Ways to upload files to S3

through AWS management console
through AWS CLI
through AWS Tools and SDKs

Multipart upload

when uploading, the file may be divided into parts, which are put together into one whole after everything has been uploaded
to use multipart upload file must be larger than 5MB (usually used for files larger than 100MB)
advantages:
- it helps in case of network problems, allows you to stop and resume import and improves throughput because we can upload parts in parallel
- we can upload a file before we know its final size, or upload a file while creating it

Amazon S3 Transfer Acceleration

uses CloudFront and edge locations to speed up data uploads to S3 using an optimized network
from 50 to 500% improvement for cross-country transfer (Amazon S3 Transfer Acceleration Speed Comparison Tool allows you to check this difference)
it is worth using it when:
- we have clients all over the world who upload data to the central bucket
- if you are not fully utilizing the available bandwidth when sending data to S3 over the internet

Methods for uploading large amounts of data (one-time):

AWS Snowball (for petabytes scale) – we create a job and choose a snowball as upload method. AWS snowball is a storage optimized device that Amazon can provide you with to upload your data and then send it to S3
AWS Snowmobile (for exabyte scale) – transfer up to 100PB, it is a truck full of storage optimized devices

Relating back to traditional storage systems:

block storage in the cloud – analogous to direct-attached storage (DAS), or a storage area network (SAN)
file storage systems are often supported with a network-attached storage (NAS) server.

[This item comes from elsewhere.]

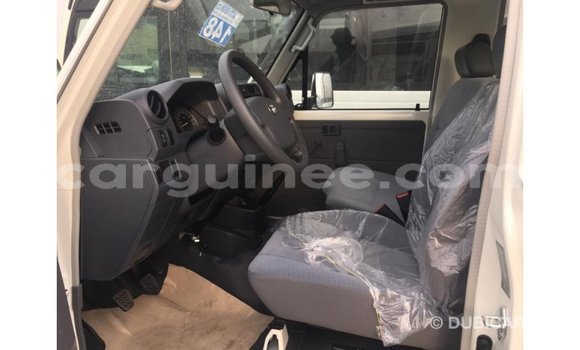 Buy Import Toyota Land Cruiser White Car in Import - Dubai in Conakry Buy Import Toyota Land Cruiser White Car in Import - Dubai in Conakry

Choosing the Right Storage Service:

Amazon EC2 instance store:
- temporary storage of information that is constantly changing, such as buffers, caches and scratch data
Amazon EBS:
- block storage
- for data that changes frequently and must persist through instance stops, terminations or hardware failures
  - SSD-backed volumes depends on the IOPs and is ideal for transactional workloads, such as databases and boot volumes
  - HDD-backed volumes depends on megabytes per second (MBps) and is ideal for throughput-intensive workloads, such as big data, data warehouses, log processing, and sequential data I/O
- pay for what you provision (you have to provision storage in advance)
- replicated across multiple servers in a single Availability Zone
- can only be attached to a single EC2 instance at a time
Amazon S3:
- storing static web content and media, backups and archiving, and data for analytics
- object storage
- pay for what you use (you don’t have to provision storage in advance)
- replicates your objects across multiple Availability Zones in a Region
Amazon EFS:
- only cloud-native shared file system with fully automatic lifecycle management
- can automatically scale from gigabytes to petabytes of data without needing to provision storage
- thousands of compute instances can access an Amazon EFS file system at the same time
  - Amazon EFS Standard storage classes for workloads that require durability and availability
  - EFS One Zone storage classes for workloads such as development, build, and staging environments
Amazon FSx:
- native compatibility with third-party file systems (NetApp ONTAP, OpenZFS, Windows File Server, and Lustre)
- machine learning, analytics, high performance computing (HPC) applications, and media and entertainment

AWS provides a versatile suite of storage solutions tailored to various needs, including file storage, block storage, and object storage. Amazon EFS, Amazon FSx, Amazon EBS, and Amazon S3 each offer unique features and use cases, enabling users to choose the right service for their specific requirements. Whether it’s for centralized access, high-performance workloads, scalable block storage, or long-term data archiving, AWS storage services ensure efficient and reliable management of your data in the cloud.